I am no moral policeman. If it is alright with the pub and the young souls and their parents....so be it.

What really shook me was their attitude. Complete man-of-the-world at 15 years.

My encounters with pubs started pretty much the same age. Except that I was in College at that age, and I never ever enjoyed the outings. Too much noise, too much smoke....... claustrophobic.

However the SXC boys and the Presidency pals were pretty forthcoming on their escapades and very occasionally I accompanied them.

There were some sleazy bars that Calcutta had at that time. Not sleazy perhaps, but definitely not quite 'genteel'. One such one was Paris Bar. This where the schoolboys came to see what 'hookers' were. The beer was warm... never chilled....... because the fridge was non-functional. The whole place would be smoky as hell, and the waiters would wear lungis and vests. I was given to understand that Paris Bar came alive in the evening with the office babus and the policemen and the hookers all sharing the rum and the occasional whisky. The crowd spilled over on to the pavement outside and everyone waited for the free-for-all to start and then join in with gusto and soda bottles.

Saki was another bar. I have always wanted to go there, but never found a male who would think on similar lines. Sanjoy, in sheer exasperation, had said 30 years back..... 'ok, ok. we'll go one day'. I am still waiting for the 'one day'. Saki was for serious drinkers who would drown the sorrows of life in their "chho taka pint' (Rs. 6 for a pint) beer. Of course besides the booze much else happened at Sakis. It was a place for all illicit deals, and my biggest regret is that I never got to go there. It would have been fun...... police raid et al. Complete with chakus . Such side shows used to be part and parcel of Sakis . The office babus left the bar by 7pm, to go back home to their killjoy wives. And from 8 pm Saki came all a-glitter.

New Cathay was unique. Once again the beer was warm. (Actually it did not really matter if the beer was warm....... nobody expected a chilled beer anyway). The crowd was always sleazy, two DC current fans overhead...... hardly being able to slice the thick, heavy 'smoke&sweat' air. Sanjoy and I took Sujit and his girl friend Kaberi there once.
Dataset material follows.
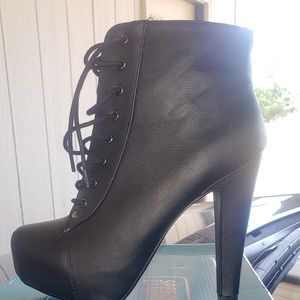 Shoes sizes 8 1/2 & 9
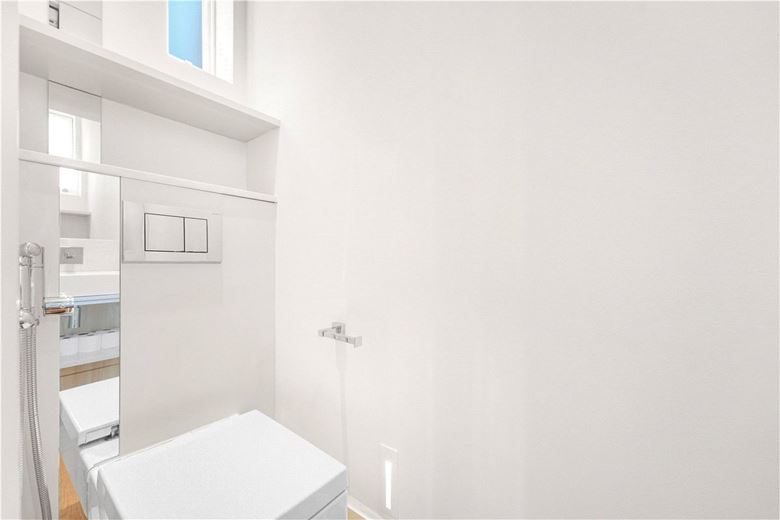 4 bedroom flat, Wynnstay Gardens, Kensington W8 - Available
Not so much for the beer but to rattle Kaberi a bit. I think we did succeed. In fact it was a huge success. It took everything Sujit could give to dry her tears.One thing though Cathay did a mean chilli chicken. A dry roasted chilli chicken which I still miss.

I wonder if anyone remembers Blue Heaven. A small bar on Beadon Street....may be Cornwallis Street. The Presidency boys went there often. It was on a raised platform. A smallish place with the traditional "cabins" and blue curtains. I had strict orders from home never to go there. I did go though. Only once. With Jyoti and Partha from Presidency. I did'nt last more than 5 minutes. It was too shut-in for my claustrophobia.

The Chungking was a class apart. Slightly more refined. Good food and a better crowd. Not really a bar. It was and still is a restaurant. Which served liquor.

The intellectuals go to Coffee House. The pucca sahib to The Bengal Club. The corporate boxwallah to the Saturday Club. The dedicated golfer to The Tolly. The down and out "chullu khors" to the burning ghats. The young wannabees to Olympia (now renamed Olly Pub). But real men ...... the janta....... go to Paris Bar and Saki and Cathay and many such places which I am sure still exists.